Visa has announced a significant expansion of its stablecoin settlement pilot, integrating five additional blockchain networks to bring the total number of supported chains to nine. The new additions include Polygon, Coinbase's Base, Circle's Arc, Canton Network, and Stripe-backed Tempo. These join the previously supported Ethereum, Solana, Avalanche, and Stellar.
The expansion comes as Visa's stablecoin settlement activity reaches a $7 billion annualized run rate, representing a 50% increase from the previous quarter.

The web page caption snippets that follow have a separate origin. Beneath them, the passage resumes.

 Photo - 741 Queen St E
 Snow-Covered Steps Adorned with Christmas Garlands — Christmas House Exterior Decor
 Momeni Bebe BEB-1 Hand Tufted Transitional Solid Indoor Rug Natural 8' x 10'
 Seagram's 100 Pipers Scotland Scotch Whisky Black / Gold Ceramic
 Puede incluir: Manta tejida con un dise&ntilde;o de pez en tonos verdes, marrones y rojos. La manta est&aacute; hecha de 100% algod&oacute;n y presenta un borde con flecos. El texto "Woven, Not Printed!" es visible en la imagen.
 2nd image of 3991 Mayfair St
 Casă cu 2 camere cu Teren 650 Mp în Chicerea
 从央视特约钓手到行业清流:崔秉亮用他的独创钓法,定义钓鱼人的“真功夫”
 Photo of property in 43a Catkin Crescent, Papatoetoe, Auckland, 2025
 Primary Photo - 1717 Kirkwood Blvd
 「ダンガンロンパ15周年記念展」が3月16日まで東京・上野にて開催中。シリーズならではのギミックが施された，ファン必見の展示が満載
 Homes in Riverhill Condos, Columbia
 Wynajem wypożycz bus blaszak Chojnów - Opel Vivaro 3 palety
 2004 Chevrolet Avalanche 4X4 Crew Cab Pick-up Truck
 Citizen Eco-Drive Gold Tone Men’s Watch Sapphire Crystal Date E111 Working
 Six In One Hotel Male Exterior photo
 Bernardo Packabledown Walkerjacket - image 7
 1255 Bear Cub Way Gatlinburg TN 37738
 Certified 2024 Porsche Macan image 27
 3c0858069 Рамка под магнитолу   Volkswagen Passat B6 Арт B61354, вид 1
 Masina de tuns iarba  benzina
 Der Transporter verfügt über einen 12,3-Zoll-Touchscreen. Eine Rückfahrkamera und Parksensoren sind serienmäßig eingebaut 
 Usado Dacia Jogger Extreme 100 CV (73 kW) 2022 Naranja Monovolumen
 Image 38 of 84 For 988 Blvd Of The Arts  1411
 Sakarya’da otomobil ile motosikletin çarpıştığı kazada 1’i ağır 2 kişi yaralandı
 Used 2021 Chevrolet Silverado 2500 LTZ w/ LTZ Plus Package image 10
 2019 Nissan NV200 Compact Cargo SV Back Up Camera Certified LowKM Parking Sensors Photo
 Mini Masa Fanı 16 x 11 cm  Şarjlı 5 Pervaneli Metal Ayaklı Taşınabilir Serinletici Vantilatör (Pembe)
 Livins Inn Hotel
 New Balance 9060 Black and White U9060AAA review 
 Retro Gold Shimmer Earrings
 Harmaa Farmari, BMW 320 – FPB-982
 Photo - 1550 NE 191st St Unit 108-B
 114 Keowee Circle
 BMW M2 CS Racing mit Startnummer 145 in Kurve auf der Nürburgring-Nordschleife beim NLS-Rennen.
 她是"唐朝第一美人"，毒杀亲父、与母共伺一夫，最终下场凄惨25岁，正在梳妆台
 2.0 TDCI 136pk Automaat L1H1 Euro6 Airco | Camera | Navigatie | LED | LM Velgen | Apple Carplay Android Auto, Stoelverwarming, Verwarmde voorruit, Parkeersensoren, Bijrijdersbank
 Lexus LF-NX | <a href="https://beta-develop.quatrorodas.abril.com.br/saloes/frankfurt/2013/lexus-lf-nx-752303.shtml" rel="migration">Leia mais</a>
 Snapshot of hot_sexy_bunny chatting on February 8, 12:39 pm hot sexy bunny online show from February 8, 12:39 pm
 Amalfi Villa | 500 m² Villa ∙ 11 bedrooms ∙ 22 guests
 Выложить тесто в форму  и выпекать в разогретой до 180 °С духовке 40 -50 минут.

The program now supports over 130 stablecoin-linked card programs across more than 50 countries.
According to Rubail Birwadker, Visa's global head of growth products and strategic partnerships, the multi-chain strategy reflects partner needs: "Our partners are building in a multi-chain world, and they expect their options to reflect that reality." The company aims to provide a common settlement layer across all supported blockchain ecosystems.
Polygon Labs CEO Marc Boiron commented on the significance: "Visa adding Polygon signals that stablecoins are moving into real-world payments at scale. By combining Visa's global reach with Polygon's fast, low-cost infrastructure, we are making stablecoin settlement more practical, reliable, and accessible for partners around the world."
Jesse Pollak, Base's founder, emphasized the goal of "making stablecoin payments a daily reality for billions." Canton Network's Eric Saraniecki highlighted the importance of compliance for institutional participants. Visa has also taken deeper integration steps, becoming a design partner for Arc and a validator for both Tempo and Canton.
The newly added networks serve distinct purposes: Arc is a Layer-1 blockchain focused on stablecoins and programmable money; Base is an Ethereum scaling network for fast, low-cost transactions; Polygon supports high-throughput blockchain payments; Canton offers configurable privacy for regulated capital markets; and Tempo is designed for efficient stablecoin liquidity movement.
Polygon (POL) traded around $0.091 at the time of writing, remaining flat in the past 24 hours and down nearly 4% over the past week, as broader market conditions saw Bitcoin and Ethereum retesting $76,000 and $2,270 respectively. Canton Network (CC) traded near $0.15, experiencing a brief upside to $0.16 amid a 200% spike in daily volume before facing downward pressure.